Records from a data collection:
↓
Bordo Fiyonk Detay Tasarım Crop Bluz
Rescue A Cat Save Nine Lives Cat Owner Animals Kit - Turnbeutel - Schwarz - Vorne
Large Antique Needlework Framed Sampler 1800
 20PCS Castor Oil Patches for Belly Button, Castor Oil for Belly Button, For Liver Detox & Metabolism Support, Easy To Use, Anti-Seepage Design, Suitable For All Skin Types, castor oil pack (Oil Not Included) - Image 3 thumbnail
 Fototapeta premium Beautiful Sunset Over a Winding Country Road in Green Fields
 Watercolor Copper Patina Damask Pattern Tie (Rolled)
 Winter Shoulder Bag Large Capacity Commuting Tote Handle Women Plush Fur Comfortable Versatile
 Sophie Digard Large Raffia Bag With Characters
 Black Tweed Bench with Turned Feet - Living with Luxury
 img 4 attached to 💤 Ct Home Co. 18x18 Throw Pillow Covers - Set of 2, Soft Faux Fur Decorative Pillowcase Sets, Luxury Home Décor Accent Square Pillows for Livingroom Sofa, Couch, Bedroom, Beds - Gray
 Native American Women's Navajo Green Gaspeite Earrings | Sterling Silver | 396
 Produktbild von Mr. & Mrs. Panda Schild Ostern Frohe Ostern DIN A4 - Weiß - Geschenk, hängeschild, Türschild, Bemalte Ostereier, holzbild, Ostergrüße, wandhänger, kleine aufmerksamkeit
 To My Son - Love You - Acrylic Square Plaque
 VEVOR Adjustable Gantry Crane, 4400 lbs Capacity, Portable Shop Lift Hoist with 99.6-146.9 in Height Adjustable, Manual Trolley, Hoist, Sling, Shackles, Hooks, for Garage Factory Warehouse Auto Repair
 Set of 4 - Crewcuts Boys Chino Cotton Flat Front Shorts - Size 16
↑
PROBLEM:
What you need to do is repeat every record above exactly.

ANSWER SECTION:
Bordo Fiyonk Detay Tasarım Crop Bluz
Rescue A Cat Save Nine Lives Cat Owner Animals Kit - Turnbeutel - Schwarz - Vorne
Large Antique Needlework Framed Sampler 1800
 20PCS Castor Oil Patches for Belly Button, Castor Oil for Belly Button, For Liver Detox & Metabolism Support, Easy To Use, Anti-Seepage Design, Suitable For All Skin Types, castor oil pack (Oil Not Included) - Image 3 thumbnail
 Fototapeta premium Beautiful Sunset Over a Winding Country Road in Green Fields
 Watercolor Copper Patina Damask Pattern Tie (Rolled)
 Winter Shoulder Bag Large Capacity Commuting Tote Handle Women Plush Fur Comfortable Versatile
 Sophie Digard Large Raffia Bag With Characters
 Black Tweed Bench with Turned Feet - Living with Luxury
 img 4 attached to 💤 Ct Home Co. 18x18 Throw Pillow Covers - Set of 2, Soft Faux Fur Decorative Pillowcase Sets, Luxury Home Décor Accent Square Pillows for Livingroom Sofa, Couch, Bedroom, Beds - Gray
 Native American Women's Navajo Green Gaspeite Earrings | Sterling Silver | 396
 Produktbild von Mr. & Mrs. Panda Schild Ostern Frohe Ostern DIN A4 - Weiß - Geschenk, hängeschild, Türschild, Bemalte Ostereier, holzbild, Ostergrüße, wandhänger, kleine aufmerksamkeit
 To My Son - Love You - Acrylic Square Plaque
 VEVOR Adjustable Gantry Crane, 4400 lbs Capacity, Portable Shop Lift Hoist with 99.6-146.9 in Height Adjustable, Manual Trolley, Hoist, Sling, Shackles, Hooks, for Garage Factory Warehouse Auto Repair
 Set of 4 - Crewcuts Boys Chino Cotton Flat Front Shorts - Size 16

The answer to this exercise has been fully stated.